There were two contrasting responses related to stigma. One respondent said, “I cannot imagine this conversation occurring in any other area of medicine. A cardiologist not treating his partner? Until conversations like this end, the problem we have is stigma, pure and simple. Our own stigma toward the illnesses we treat.” The other respondent said, “There is much ethical commentary . . . about treating someone with whom you have another relationship. . . . It can impair your objectivity, and if anything goes wrong, it can be emotionally devastating. This is not an issue of stigma, but one of setting up the best situation for competent care.”
Meetings were held at the WSC to discuss the issues outlined above with HPC clinical staff and administrators and with peer workers—some employed by HPC and some not. Almost all of the peer workers expressed feeling comfortable working alongside the nonpeer members of their treatment teams. Two peers described themselves as essentially open books and said that a large part of their work is wearing their history on their sleeves. As part of raising the issues, the program director and I presented examples of conflicts that had arisen at WSC in the recent past. Both administrators and peer workers were able to see how the dual roles of peer workers had given rise to conflicts. The need to actively involve everyone in discussions and thoughtfully consider issues from both the peer and nonpeer perspectives was emphasized. Peers were encouraged to seek counsel from local peer organizations and to decide how they would like to proceed with any concerns. Nonpeer staff were asked to consult with each other to accomplish the same goal.

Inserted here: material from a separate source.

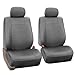 FH Group Car Seat Covers Full Set PU Leather - Universal Fit, Automotive Seat Cover,Low Back Front Seat Covers,Airbag Compatible,Split Bench Rear Seat Cover,Seat Cover for SUV,Sedan Solid Gray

The e-list discussion has made me feel more comfortable working in a clinic where peers work alongside nonpeer staff. It has also made me aware of my discomfort working with peer workers in our clinic who are treated by other providers in our clinic. It has been reassuring to learn that by using ongoing, clear, and open discussions, leaders in the field have made the situation work and that peer staff and nonpeer staff have thrived.
Many small towns have limited treatment options, and employing peer workers to work alongside the treatment team may be unavoidable. The situation offers staff the opportunity to grow from successes and failures, particularly when open and thoughtful discussions are the norm and can help mitigate possible harm. The discussion has begun, and we hope it will not end soon. To stop learning from those around us is to stop moving forward.
The author acknowledges the support of the American Association of Community Psychiatrists for access to its e-list.
The author reports no competing interests.